By Albert Chong, Self Portrait with marcus Garvey Prison Docket

Chong, who now teaches in Colorado and won a 1998 Guggenheim fellowship in photography and a 1998 Pollock/Krasner grant, as well as regional and national NEA grants, appropriates Jamaican history as his own history, as in “Self-Portrait With Marcus Garvey Prison Docket.” The show is at the African American Museum in Philadelphia until Aug. 13.

Chong’s work, especially the pieces about African-derived rituals, spoke directly to the show two floors up. If you haven’t seen “4 Artists of Distinction,” which has been up since Sept. 24 and was due to come down April 20, lucky for you that it’s still showing–until Aug. 15. You owe it to yourself to get over to AAMP in a hurry.
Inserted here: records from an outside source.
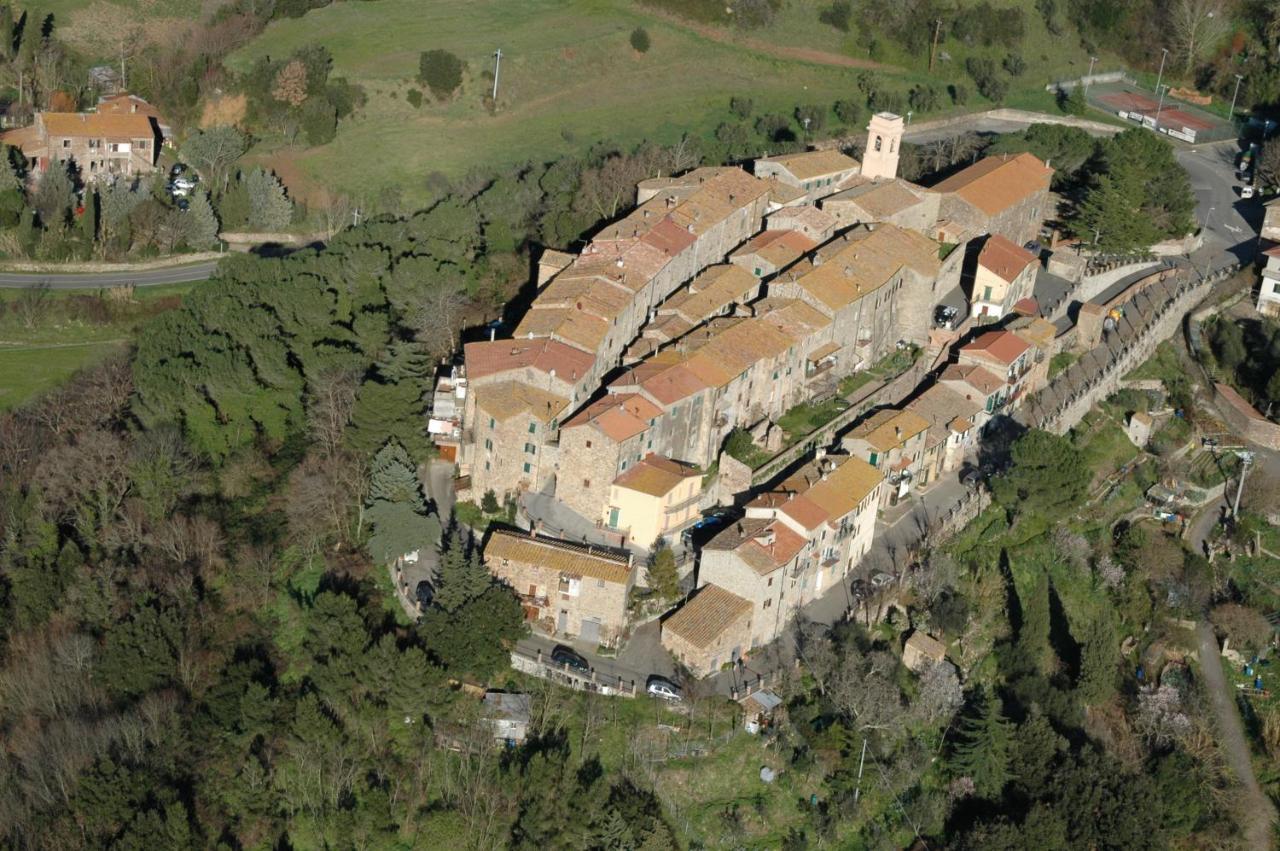 B&B Canneto Monteverdi Marittimo Exterior foto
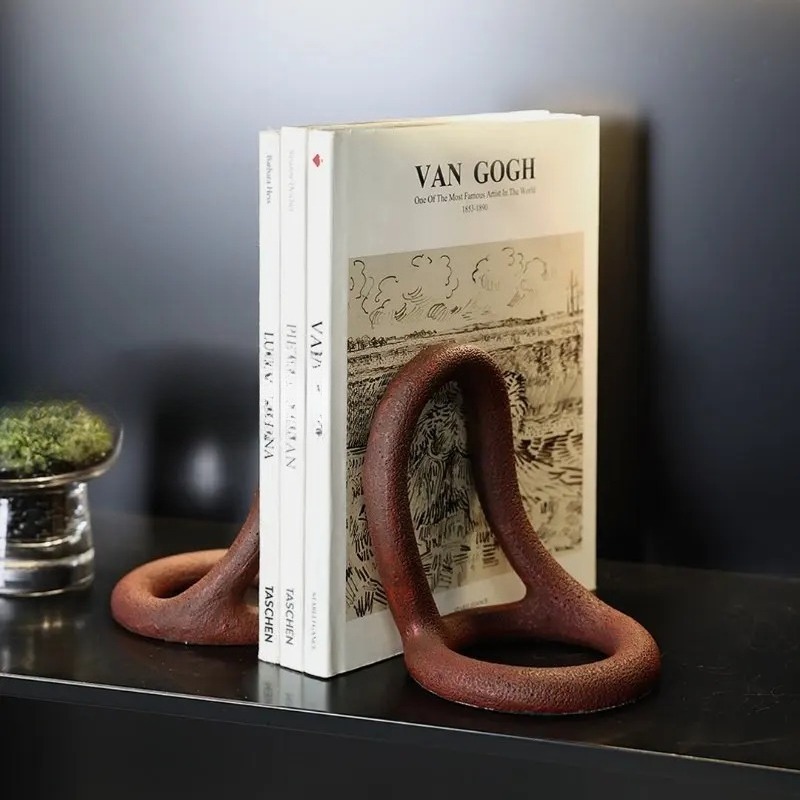 Minimalist Bookends for Office - Resin Art Book review and price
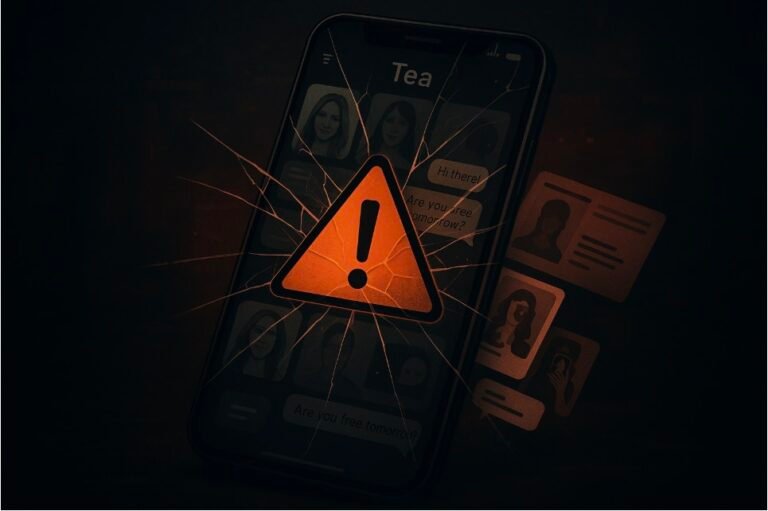 The Tea App Breach: What Happens When ‘Safety’ Becomes a Security Risk?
Painting by Charles Burwell

The works by the four Philadelphia artists–Barbara Bullock, Charles Burwell, James Dupree and Martina Johnson-Allen–practically jump off the wall and talk to each other, with their Africa-inspired use of vivid color and pattern, and their references to African talismans. Among the highlights are Dupree’s installation, “Mask Broom Totem Series,” a commentary on African American labor history and so much more, and Burwell’s wall of sketches and stencils that explain a lot about his paintings, with their intense layers of pattern.


For Whom the Cracked Bell Tolls – Christian Marclay at the PMA
Post published May 29, 2003 by Roberta

Christian Marclay, The Bell and the Glass, video, at the Philadelphia Museum of Art

On my way to see Bruce Nauman’s video “Bouncing in the Corner I” in the PMA Video Gallery (definitely worth seeing, check sketches this week), I was ambushed by the new Christian Marclay video installation — “The Bell and the Glass,” part of the Museum Studies series that asks artists to create new work based on holdings of the Museum. I almost didn’t make it to the Nauman.

Marclay, a New York video artist and composer, worked with Relache Ensemble to make an homage to two favorite Philadelphia love objects, Marcel Duchamp’s “Large Glass” (at the PMA) and the Liberty Bell. Both objects are cracked and old, and both embody something larger than their makers ever envisioned — a kind of iconic heroism.

Speaking as one who’s fast becoming cracked and old, I endorse the concept of celebrating old, broken objects.

Beyond that, Marclay’s video collage — which samples from some of Hollywood’s smarmiest black and white romance flicks and mixes them with footage of Marcel Duchamp extolling the cracks in the glass and with some sexy close-ups of chocolate Liberty Bells being molded– is a whirling mix of love, implied sex, music and mouth-watering goo. It’s a Valentine even hard hearts won’t be able to resist.

(Music lovers, Relache performed several gigs in the gallery, improvising music that responded to Marclay’s video collage. All that’s left now are the music stands huddled around the split-screen video projections but it’s enough. You can imagine the rest.)